**WORK ITEM:** Repeat exactly, and only, the lines of the entries below from the one with "Lluvias provocan colapso" through the one with "Le PDG d’Air", both ends included.

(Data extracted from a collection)
________________

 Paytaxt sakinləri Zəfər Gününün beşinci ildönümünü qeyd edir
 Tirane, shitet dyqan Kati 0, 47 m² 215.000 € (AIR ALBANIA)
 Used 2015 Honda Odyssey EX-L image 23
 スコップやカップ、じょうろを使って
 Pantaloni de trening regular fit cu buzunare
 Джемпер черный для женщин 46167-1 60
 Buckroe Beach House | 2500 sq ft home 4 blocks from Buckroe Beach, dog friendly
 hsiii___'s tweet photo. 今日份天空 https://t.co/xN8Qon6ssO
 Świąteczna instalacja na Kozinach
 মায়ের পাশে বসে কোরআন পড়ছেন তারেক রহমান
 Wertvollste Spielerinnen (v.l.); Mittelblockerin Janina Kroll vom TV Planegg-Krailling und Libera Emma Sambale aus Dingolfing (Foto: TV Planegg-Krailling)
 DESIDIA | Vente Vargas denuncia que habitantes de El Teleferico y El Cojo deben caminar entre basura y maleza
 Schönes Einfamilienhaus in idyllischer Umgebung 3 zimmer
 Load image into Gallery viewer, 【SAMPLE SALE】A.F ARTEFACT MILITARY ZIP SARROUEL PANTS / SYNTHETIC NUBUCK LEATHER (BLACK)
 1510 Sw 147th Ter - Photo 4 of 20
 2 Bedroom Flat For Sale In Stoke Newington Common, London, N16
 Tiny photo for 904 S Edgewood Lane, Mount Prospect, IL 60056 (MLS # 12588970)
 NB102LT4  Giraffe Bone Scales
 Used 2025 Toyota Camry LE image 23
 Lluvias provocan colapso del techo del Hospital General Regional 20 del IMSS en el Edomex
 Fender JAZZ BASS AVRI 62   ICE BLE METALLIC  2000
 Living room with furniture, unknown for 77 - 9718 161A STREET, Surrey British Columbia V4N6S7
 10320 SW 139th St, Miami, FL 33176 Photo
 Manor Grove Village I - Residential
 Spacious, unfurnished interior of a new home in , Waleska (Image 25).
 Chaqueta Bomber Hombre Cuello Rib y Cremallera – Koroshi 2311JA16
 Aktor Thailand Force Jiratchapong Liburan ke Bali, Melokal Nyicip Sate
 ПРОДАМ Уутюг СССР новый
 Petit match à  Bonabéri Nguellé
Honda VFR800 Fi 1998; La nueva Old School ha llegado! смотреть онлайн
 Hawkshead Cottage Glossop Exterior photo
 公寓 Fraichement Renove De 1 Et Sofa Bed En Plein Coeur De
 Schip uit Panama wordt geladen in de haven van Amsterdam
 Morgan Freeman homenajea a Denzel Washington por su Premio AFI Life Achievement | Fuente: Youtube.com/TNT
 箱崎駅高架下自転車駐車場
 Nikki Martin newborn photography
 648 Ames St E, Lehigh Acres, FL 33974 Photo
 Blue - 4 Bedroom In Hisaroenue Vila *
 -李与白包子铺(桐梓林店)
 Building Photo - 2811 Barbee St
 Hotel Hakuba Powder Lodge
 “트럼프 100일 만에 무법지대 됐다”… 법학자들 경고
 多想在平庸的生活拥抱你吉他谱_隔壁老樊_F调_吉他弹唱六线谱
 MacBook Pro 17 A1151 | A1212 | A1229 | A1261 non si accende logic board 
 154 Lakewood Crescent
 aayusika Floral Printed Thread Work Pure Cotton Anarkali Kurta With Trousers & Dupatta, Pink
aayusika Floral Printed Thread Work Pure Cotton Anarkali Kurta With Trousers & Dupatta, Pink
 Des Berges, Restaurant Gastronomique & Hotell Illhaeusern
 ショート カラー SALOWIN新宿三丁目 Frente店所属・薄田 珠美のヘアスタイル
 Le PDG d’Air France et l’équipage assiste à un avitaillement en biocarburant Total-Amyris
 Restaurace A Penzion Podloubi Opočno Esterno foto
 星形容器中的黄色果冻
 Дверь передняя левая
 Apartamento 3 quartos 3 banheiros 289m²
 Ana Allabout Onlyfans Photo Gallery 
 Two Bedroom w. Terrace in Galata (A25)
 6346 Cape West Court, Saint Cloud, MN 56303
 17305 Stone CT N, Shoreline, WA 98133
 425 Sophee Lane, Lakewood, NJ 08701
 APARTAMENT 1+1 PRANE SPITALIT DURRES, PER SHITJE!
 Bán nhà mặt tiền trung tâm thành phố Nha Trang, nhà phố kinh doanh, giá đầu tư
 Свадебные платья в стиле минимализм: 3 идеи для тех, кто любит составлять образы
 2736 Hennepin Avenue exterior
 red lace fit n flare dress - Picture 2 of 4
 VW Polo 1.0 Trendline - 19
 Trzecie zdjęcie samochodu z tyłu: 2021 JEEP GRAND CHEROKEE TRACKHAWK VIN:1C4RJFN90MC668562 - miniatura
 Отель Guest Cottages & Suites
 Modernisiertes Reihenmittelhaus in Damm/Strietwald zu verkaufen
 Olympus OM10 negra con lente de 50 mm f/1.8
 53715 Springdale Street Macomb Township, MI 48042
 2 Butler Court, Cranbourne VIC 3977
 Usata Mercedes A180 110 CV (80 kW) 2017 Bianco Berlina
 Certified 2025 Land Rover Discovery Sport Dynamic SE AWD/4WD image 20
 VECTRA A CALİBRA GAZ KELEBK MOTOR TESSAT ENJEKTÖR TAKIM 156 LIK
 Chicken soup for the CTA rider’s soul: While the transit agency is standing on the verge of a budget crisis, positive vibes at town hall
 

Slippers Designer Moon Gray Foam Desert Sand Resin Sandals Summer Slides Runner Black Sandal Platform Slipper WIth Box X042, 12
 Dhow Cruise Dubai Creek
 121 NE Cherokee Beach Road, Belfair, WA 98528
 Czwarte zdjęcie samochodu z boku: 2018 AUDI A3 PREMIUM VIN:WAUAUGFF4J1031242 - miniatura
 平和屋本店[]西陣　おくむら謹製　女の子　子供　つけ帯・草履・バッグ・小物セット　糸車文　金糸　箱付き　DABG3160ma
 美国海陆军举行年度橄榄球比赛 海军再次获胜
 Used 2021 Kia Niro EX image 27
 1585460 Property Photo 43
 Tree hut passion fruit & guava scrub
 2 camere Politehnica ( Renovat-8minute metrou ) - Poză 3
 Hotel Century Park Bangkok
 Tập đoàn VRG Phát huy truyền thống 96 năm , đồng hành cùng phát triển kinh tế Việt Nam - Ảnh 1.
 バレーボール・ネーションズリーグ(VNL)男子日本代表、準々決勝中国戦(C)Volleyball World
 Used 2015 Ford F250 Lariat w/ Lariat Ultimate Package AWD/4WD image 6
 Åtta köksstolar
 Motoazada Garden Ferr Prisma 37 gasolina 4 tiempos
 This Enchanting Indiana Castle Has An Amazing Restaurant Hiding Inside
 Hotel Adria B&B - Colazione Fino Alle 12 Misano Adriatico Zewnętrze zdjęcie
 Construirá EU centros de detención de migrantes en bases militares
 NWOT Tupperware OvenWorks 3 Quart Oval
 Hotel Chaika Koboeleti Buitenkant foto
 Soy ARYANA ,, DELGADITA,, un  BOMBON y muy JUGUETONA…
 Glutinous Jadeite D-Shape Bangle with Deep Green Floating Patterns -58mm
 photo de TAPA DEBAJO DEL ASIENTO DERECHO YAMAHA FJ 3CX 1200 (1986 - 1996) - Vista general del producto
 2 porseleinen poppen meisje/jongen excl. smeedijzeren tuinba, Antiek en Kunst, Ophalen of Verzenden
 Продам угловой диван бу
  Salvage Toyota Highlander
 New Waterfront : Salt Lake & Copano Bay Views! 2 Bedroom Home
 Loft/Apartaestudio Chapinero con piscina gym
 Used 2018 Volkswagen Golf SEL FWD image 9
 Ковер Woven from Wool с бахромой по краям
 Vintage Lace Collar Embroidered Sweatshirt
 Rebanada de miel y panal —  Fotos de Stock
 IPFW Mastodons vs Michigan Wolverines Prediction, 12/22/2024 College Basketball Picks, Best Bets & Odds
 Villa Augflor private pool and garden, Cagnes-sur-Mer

________________

**ANSWER TO THIS PROBLEM:**
 Lluvias provocan colapso del techo del Hospital General Regional 20 del IMSS en el Edomex
 Fender JAZZ BASS AVRI 62   ICE BLE METALLIC  2000
 Living room with furniture, unknown for 77 - 9718 161A STREET, Surrey British Columbia V4N6S7
 10320 SW 139th St, Miami, FL 33176 Photo
 Manor Grove Village I - Residential
 Spacious, unfurnished interior of a new home in , Waleska (Image 25).
 Chaqueta Bomber Hombre Cuello Rib y Cremallera – Koroshi 2311JA16
 Aktor Thailand Force Jiratchapong Liburan ke Bali, Melokal Nyicip Sate
 ПРОДАМ Уутюг СССР новый
 Petit match à  Bonabéri Nguellé
Honda VFR800 Fi 1998; La nueva Old School ha llegado! смотреть онлайн
 Hawkshead Cottage Glossop Exterior photo
 公寓 Fraichement Renove De 1 Et Sofa Bed En Plein Coeur De
 Schip uit Panama wordt geladen in de haven van Amsterdam
 Morgan Freeman homenajea a Denzel Washington por su Premio AFI Life Achievement | Fuente: Youtube.com/TNT
 箱崎駅高架下自転車駐車場
 Nikki Martin newborn photography
 648 Ames St E, Lehigh Acres, FL 33974 Photo
 Blue - 4 Bedroom In Hisaroenue Vila *
 -李与白包子铺(桐梓林店)
 Building Photo - 2811 Barbee St
 Hotel Hakuba Powder Lodge
 “트럼프 100일 만에 무법지대 됐다”… 법학자들 경고
 多想在平庸的生活拥抱你吉他谱_隔壁老樊_F调_吉他弹唱六线谱
 MacBook Pro 17 A1151 | A1212 | A1229 | A1261 non si accende logic board 
 154 Lakewood Crescent
 aayusika Floral Printed Thread Work Pure Cotton Anarkali Kurta With Trousers & Dupatta, Pink
aayusika Floral Printed Thread Work Pure Cotton Anarkali Kurta With Trousers & Dupatta, Pink
 Des Berges, Restaurant Gastronomique & Hotell Illhaeusern
 ショート カラー SALOWIN新宿三丁目 Frente店所属・薄田 珠美のヘアスタイル
 Le PDG d’Air France et l’équipage assiste à un avitaillement en biocarburant Total-Amyris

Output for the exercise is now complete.